Simultaneously, Ganesh gets his phone muddled with Rekha's (Rekha Vedavyas) on account of both the phone models being the same. Rekha's father
Avinash is the boss of Rangayana Raghu. Ganesh and Rekha have loads of comical misunderstandings before falling in love and deciding to get married. Of course this is not acceptable to Avinash, and he puts obstacles in their way. The story is about whether or not Ganesh and Rekha can overcome these obstacles.

==Soundtrack==

The music was composed by Gurukiran. Purandara Dasa's "Indu Yenage Govinda" was remixed and used in the film.

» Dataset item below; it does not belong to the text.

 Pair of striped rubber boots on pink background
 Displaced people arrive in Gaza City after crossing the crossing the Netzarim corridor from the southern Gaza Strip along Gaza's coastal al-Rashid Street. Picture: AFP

| No. | Title | Lyrics | Singer(s) | Length |
|---|---|---|---|---|
| 1. | "Alele Tuntu Kanna" | Goturi | Dr. Shamitha Malnad, Murali Mohan | 4:42 |
| 2. | "Ishtaano Ishtaano" | Kaviraj | Udit Narayan, Nanditha | 4:18 |
| 3. | "Pataaki Pataaki" | Dr. V. Nagendra Prasad | Udit Narayan | 4:44 |
| 4. | "Indu Yenage Govinda" | Kaviraj | Gurukiran, Chetan Sosca | 4:40 |
| 5. | "Jama Jama Jamaisu" | V. Manohar | Haneef, Chorus | 4:42 |
| 6. | "Alele Tunta Maado" | Goturi | Dr. Shamitha Malnad, Gurukiran | 4:42 |

== Reception ==
R. G. Vijayasarathy of IANS wrote that "Chellata is just an O.K. film and its acceptance may well depend on your likes and dislikes with regard to a full-length comedy film". A critic from Indiaglitz wrote that "Drawing inspiration from a Malayalam film 'Puli Kalyanam' director Sridhar has given a new shape to the film that is convincing because of good star cast and cinematography". S. N. Deepak of Deccan Herald noted the film "for its comedy scenes that run throughout the film". He called it "a clean family entertainer" and commended the acting performances on the film.

==Box office==

The film opened to positive reviews from critics and performed well at the box-office by completing 100 days.